- Marcel van Hattem chamou Davi Alcolumbre de omisso e cúmplice em vídeo postado no X na quarta-feira, 8 de abril de 2026.
- O deputado pediu a prorrogação da CPI do Crime Organizado, afirmando que a investigação está sendo tolhida por fins políticos.
- No vídeo, ele cita supostas informações envolvendo o Banco Master, o ministro do STF Alexandre de Moraes e o diretor-geral da Polícia Federal, Andrei Rodrigues, dizendo que uma viagem a Londres foi custeada pela PF.
- Van Hattem afirma que pretende renovar o Senado, com a eleição da nova presidência, além de abrir processos de impeachment contra ministros do STF; ele se colocou como pré-candidato.
- O material apresenta mais de 59 mil visualizações e reforça a defesa de mudanças na composição da Casa neste ano.
Marcel van Hattem, deputado federal pelo Novo (RS), chamou o presidente do Senado, Davi Alcolumbre, de omisso e cúmplice em uma publicação no perfil dele na rede social X, na quarta-feira, 8 de abril de 2026. A postagem continha um vídeo e já soma mais de 59 mil visualizações.
Na gravação, o parlamentar afirma que o Senado precisa de um presidente que não seja nem omisso nem cúmplice, citando Alcolumbre de forma direta. O conteúdo aborda, ainda, informações que o deputado alega envolver o Banco Master e o ministro do STF Alexandre de Moraes.
Van Hattem também menciona o diretor-geral da Polícia Federal, Andrei Rodrigues, afirmando que uma viagem a Londres teria sido financiada pela instituição financeira mencionada. A declaração ocorre em meio a críticas à decisão de não prorrogar a CPI do Crime Organizado neste ano eleitoral.
O deputado aponta a suposta influência política sobre investigações e critica decisões do STF, citando o ministro André Mendonça como responsável por dar continuidade às apurações. O tom é de cobrança institucional sobre o andamento de investigações.

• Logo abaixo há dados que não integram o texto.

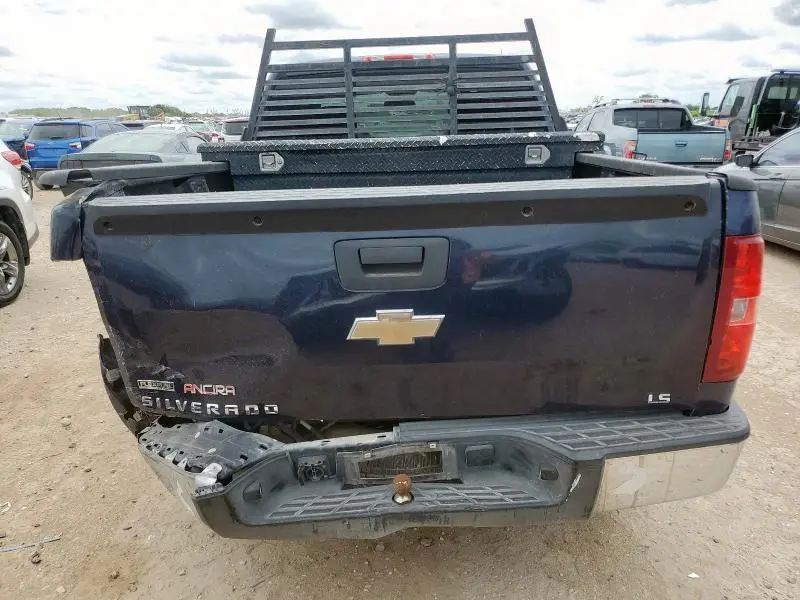 2011 CHEVROLET SILVERADO C1500 LS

Em outro trecho, Van Hattem defende a renovação do Senado nas eleições de 2026, dizendo que a escolha dos senadores seria a mais importante para o país. O congressista afirmou ser pré-candidato e sinalizou interesse em mudanças na composição da Casa.
A publicação também abordou o tema da CPI do Crime Organizado, com o deputado afirmando que a comissão estaria sendo tolhida por fins políticos. Não houve confirmação oficial sobre a extensão ou prorrogação da CPI por parte de autoridades da Câmara ou do Senado.